Congress recently passed a national energy bill referred to
as the Energy Policy Act (EPAct) of 2005. While the bill covers much
more than just PSCCC’s work, the bill includes key provisions that
affect the Coalition’s efforts. In brief, the key provisions
related to PSCCC are that the bill:
-
authorizes
$200 million for an advanced vehicle program to operate under
the Clean Cities program to provide grants to state and local
governments to acquire alternative fuel vehicles
-
authorizes
$110 million
per year for fiscal years 2005-9 to demonstrate advanced
technologies for the production of alternative transportation
biofuels
-
launches
programs for hydrogen fuel-cell transit and school buses to
demonstrate the technology
-
requires
“dual-fueled” vehicles acquired under requirements of the
EPAct of 1992 be operated on alternative fuels
-
requires
a study to review vehicle purchase requirements under EPAct to
ensure the program works more effectively in the future
-
includes
provisions to establish a biodiesel engine testing program and
require the Department of Energy to accelerate efforts to
improve diesel combustion and after-treatment technologies for
diesel-fueled vehicles
-
requires
the establishment of a program to support deployment of idle
reduction technologies as well as an advanced biofuels
technology program
-
institutes
a renewable fuel program that mandates minimum volumes of
renewable fuels in the US starting with 4 billion gallons in
2006 and increasing to 7.5 billion in 2012
For
good summaries of the bill, visit this Clean
Cities' page or this West
Coast Collaborative page. Stay tuned for more specifics on how
all of the new programs will take shape. PSCCC
intends to take advantage of all opportunities in the bill to
improve the alternative fuel vehicle landscape in the Puget Sound
region.
June 2004
Federal Energy Bill
Under Discussion - Again The Republican leadership in the House is seeking to pass an energy bill
substantially similar to one passed by the House last fall. And to accompany this legislation, the House is working to pass several new energy-related bills. The stated Republican priority is to increase domestic energy production, with a particular focus on domestic petroleum production. Republican plans include provisions to open up public lands, including the Arctic National Wildlife Refuge, and coastal waters to energy exploration and provisions to streamline environmental regulations in order to develop energy resources more quickly. Republicans claim that the Bush-backed energy policies are necessary to create a cohesive energy policy and to protect the public against high fuel prices. Republicans further note that increasing energy production will create much needed jobs and improve the economy of the nation. Democrats agree that comprehensive energy policies are needed, but believe these policies need to be focused on reducing dependence on petroleum, both foreign and domestic, and should do more to promote renewable energy sources. The
Democrats argue their policies are more sustainable and will also lead to jobs and economic growth. They also note that the Republican provisions weaken environmental laws and requirements for new oil-refining facilities and other energy projects.

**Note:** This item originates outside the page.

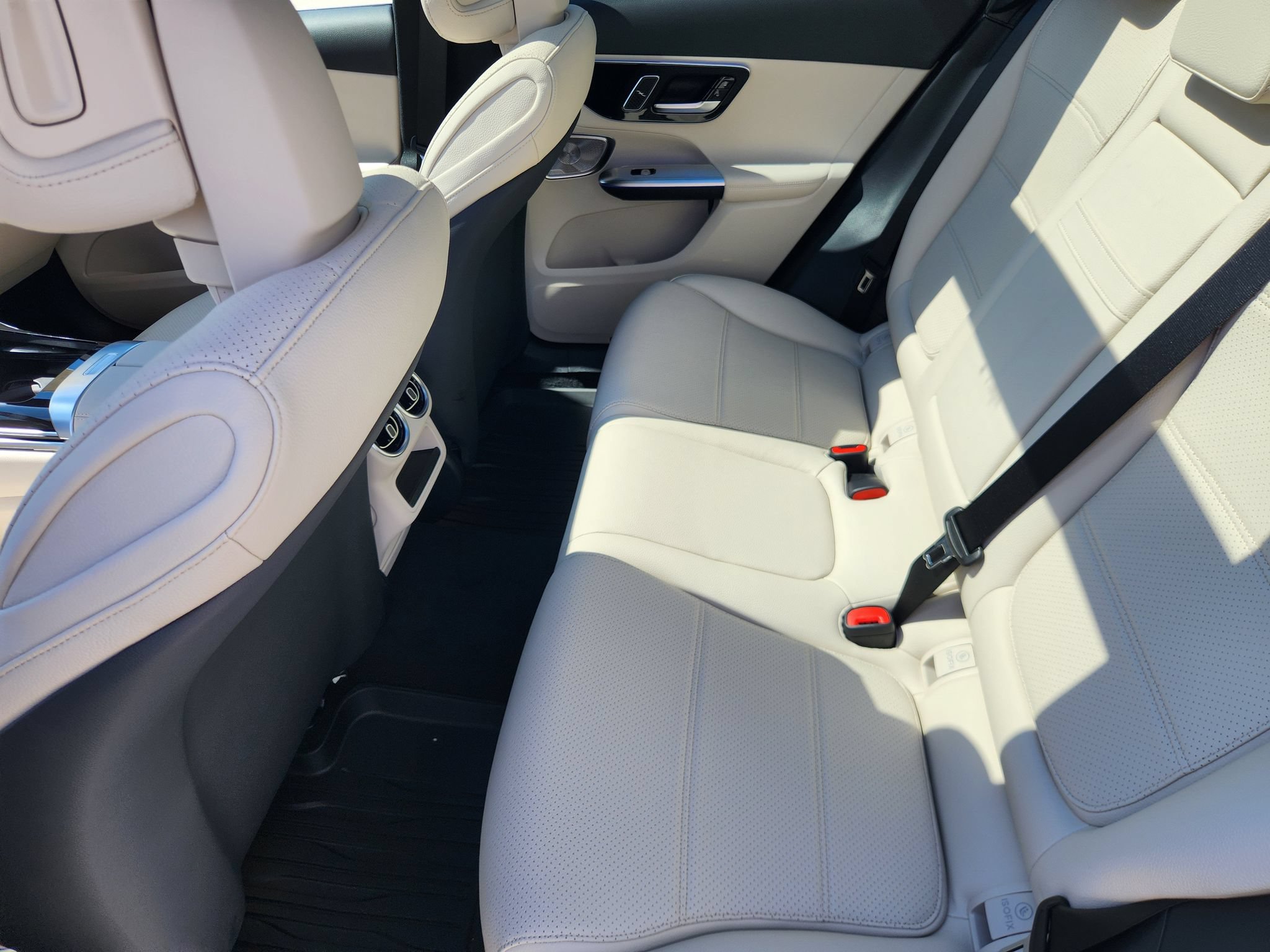 New 2027 Mercedes-Benz GLC 300 4MATIC image 11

Many are questioning the revitalized House efforts, and the expenses involved, given that the measures are not expected to make it to the President and that the Senate has been stalled its version of the energy bill since late last year. House spokespersons say this is simply a political statement that the country needs a cohesive energy policy to protect the public against high fuel prices and is a means to push the Senate to move forward with its version of the energy bill. Critics say the maneuvers are an attempt to place the blame for high gas prices on Democrats, since the Democratic-controlled Senate is widely expected to vote against the new House energy package. A spokesman for Senate Democrat Tom Daschle (D-S.D.) has reportedly noted that if the Republican leaders of the House were serious about passing the energy bill, they would remove the liability waiver for MTBE manufacturers, which is the main reason behind the bipartisan opposition to passage of a federal energy package.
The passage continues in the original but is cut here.